• _To do_
At the line with "Hand Embroidery Wild", start transcribing; stop after the last line of the data below. Keep it exact and leave pictures out.

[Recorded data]
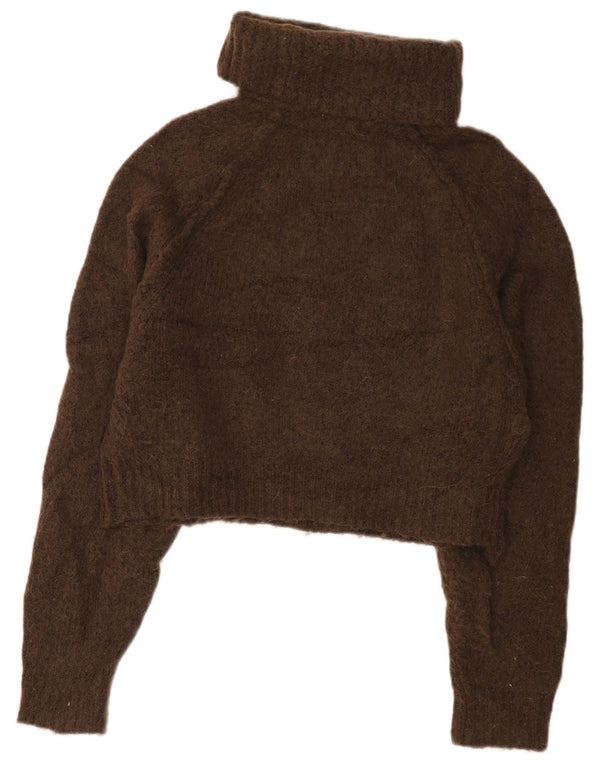 Pulover de damă Zara cu gât rulat, pulover UK 14 Poliester maro mediu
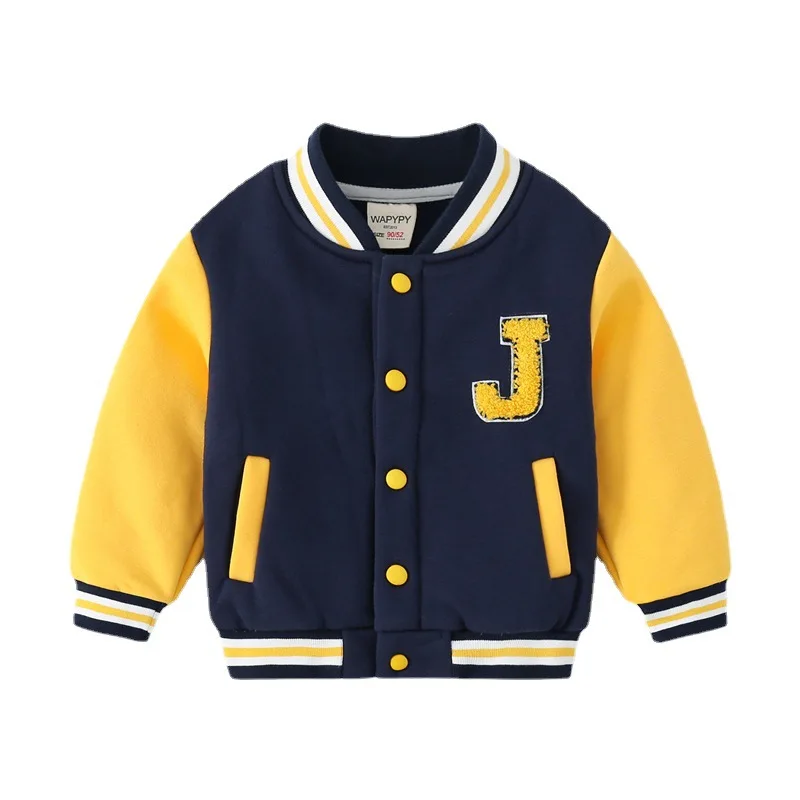 

Kids Embroidered Color-Block Long Sleeve Thicken Sweatshirt Autumn Fashion Single-Breasted Baseball Jacket for Boys, 2-7 Years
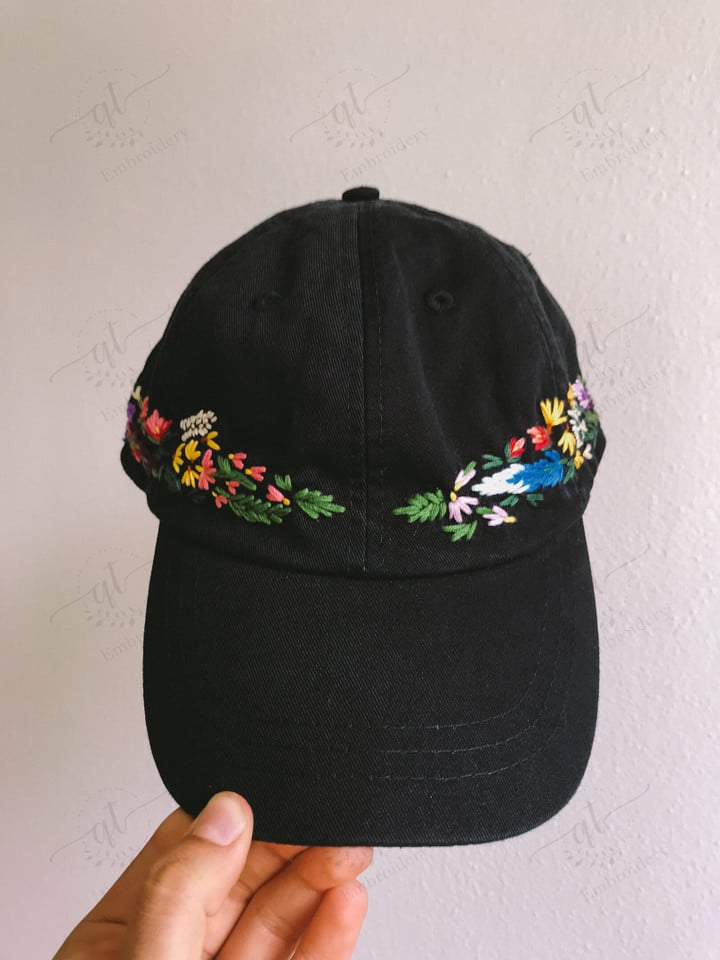 Hand Embroidery Wild Flower and Bee Hat, Vintage Hat For Woman Baseball Cap, Blue Denim Hat, Vintage Embroidered Floral Hat For Woman
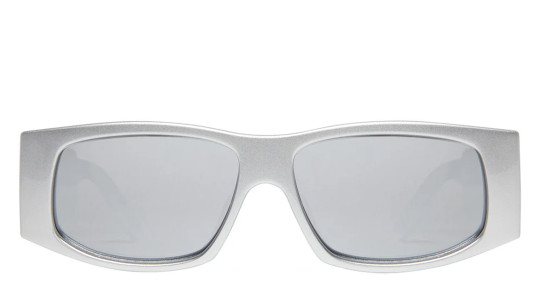 Occhiali sole uomo donna Luxury Balenciaga BB0100S 002 silver silver silver nuova collezione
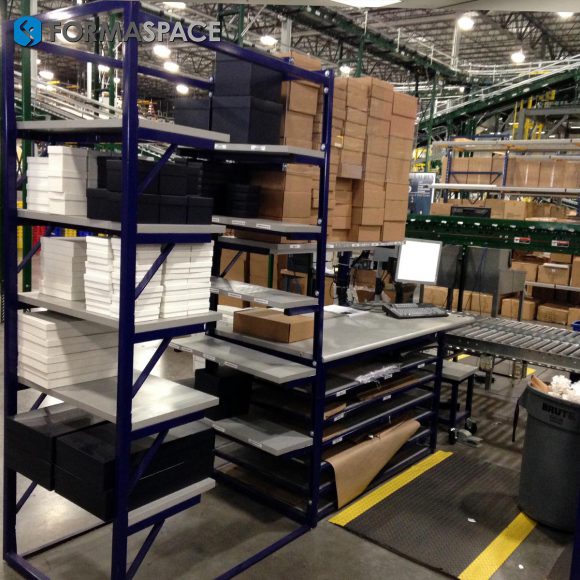 material handling workstation with storage racks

• _Answer to this problem_
 Hand Embroidery Wild Flower and Bee Hat, Vintage Hat For Woman Baseball Cap, Blue Denim Hat, Vintage Embroidered Floral Hat For Woman
 Occhiali sole uomo donna Luxury Balenciaga BB0100S 002 silver silver silver nuova collezione
 material handling workstation with storage racks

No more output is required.